The Global History Initiative
The Global History Initiative at Queen’s University is a research forum based at the Department of History. It provides an interactive arena for international partnership, faculty exchange, thematic conferences, graduate workshops, and multi-institutional network-building.
Drawing from the expertise of regional specialists at Queen’s, we define Global History as a critique of methodological nationalism and seek to examine those historical processes that cannot be confined within the limits of arbitrary geopolitical units. Eschewing earlier historiographical trends that unmistakably cast historical problems in the national register, our focus is on freeing history from the post-Enlightenment inheritance of agency, organizing scheme, and units of analysis.
Together we embrace the standpoint that Global History can unfold both at the macro and the micro-level, and can at once be a perspective and a subject of study. We seek to explore the local histories of global processes and the myriad ways in which the global currents shape the local forms.
The Queen’s Global History initiative is one of the two partners in the North American Global History Network (along with the Weatherhead Initiative in Global History at Harvard University). We are in the process of establishing partnerships and exchanges with leading programs around the world.
Visit the Global History Initiative's website.
History faculty at Queen’s serve as editors for a number of academic journals and book series. At present, the Department is home to the Journal of British Studies, a leading History journal that focuses on Britain and the British World. Published by Cambridge University Press, the Journal of British Studies is edited by Jeffrey Collins and Sandra den Otter and will be hosted at Queen’s for the duration of their tenure as editors, from 2017-2022. In addition, Rosanne Currarino currently serves as co-editor of the Journal of the Gilded Age and Progressive Era; Richard Greenfield is co-editor of the Dumbarton Oaks Medieval Library Greek Series for Harvard University Press; Donald Akenson, who served as senior editor at Queen’s-McGill Press for thirty years, currently serves as editor of the McGill-Queen's Studies in the History of Religion; and Jamey Carson is the editor of the Queen’s Quarterly.
Our faculty and students are actively engaged in a wide array of interdisciplinary networks at Queen’s. Many were founded or co-founded by members of our Department, and they provide an important forum for faculty and students to share their work and to engage with the research of scholars in other Departments and Universities.
Queen’s Medieval Seminar Series
The Medieval Seminar, organized by faculty in English and History, provides a forum for interdisciplinary intellectual exchange among scholars of medieval literature, history, art, philosophy and culture.

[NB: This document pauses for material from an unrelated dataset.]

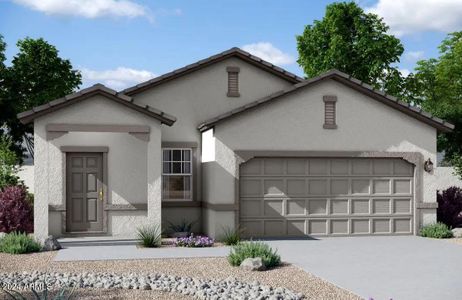 New construction Single-Family house 5735 W Moody Trail, Laveen, AZ 85339 - photo 0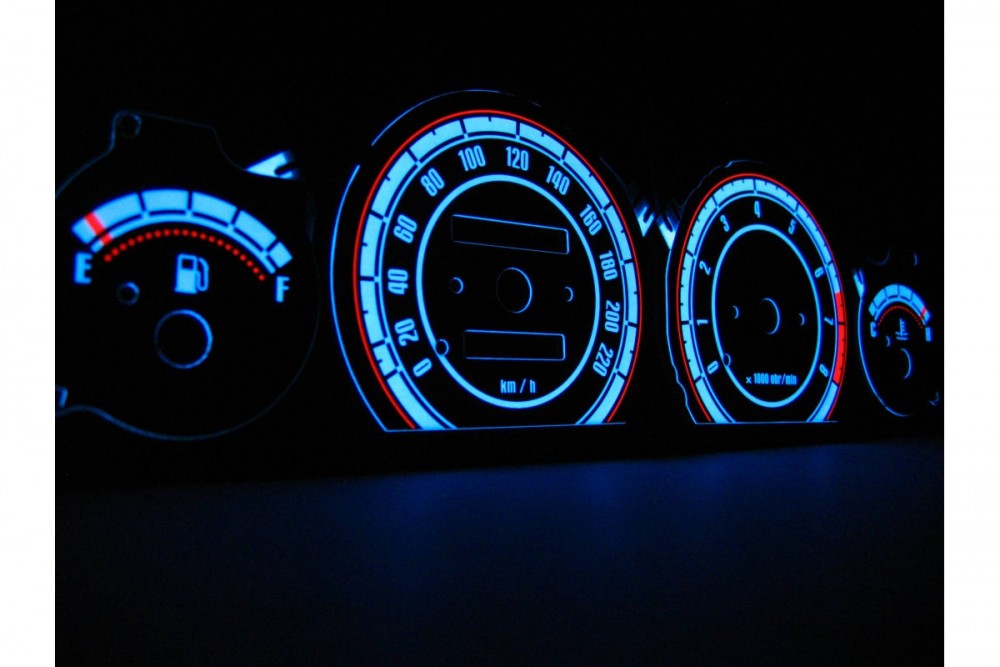 Накладки, що світяться в щиток приладів Daewoo Nubira I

MSGP is an interdisciplinary initiative dedicated to connecting the cosmopolitan and pluralist legacy of Islamic communities past with contemporary experiences of Muslims in multicultural societies and across transnational diasporas. Our initiative embraces the study of Muslim cultures that span the globe.
Studies in National and International Development (SNID) is the longest-running weekly, interdisciplinary seminar series at Queen's University. Since 1983, SNID has proudly hosted prominent Canadian and international scholars who bring fresh perspectives to issues of local, national and global development.
The Russian and East European Studies Network is dedicated to bringing greater awareness of Russia and Eastern Europe to Queen’s and to creating a forum for interdisciplinary exchange on the region. The network brings together scholars from History, Political Studies, Philosophy, and Jewish Studies.
Since its very inception, History has played an active role in Jewish Studies. The Isabel Bader Postdoctoral Fellow in Jewish Studies is housed in History, and History faculty collaborate closely with the program, co-sponsoring lectures and workshops and participating in interdisciplinary exchanges.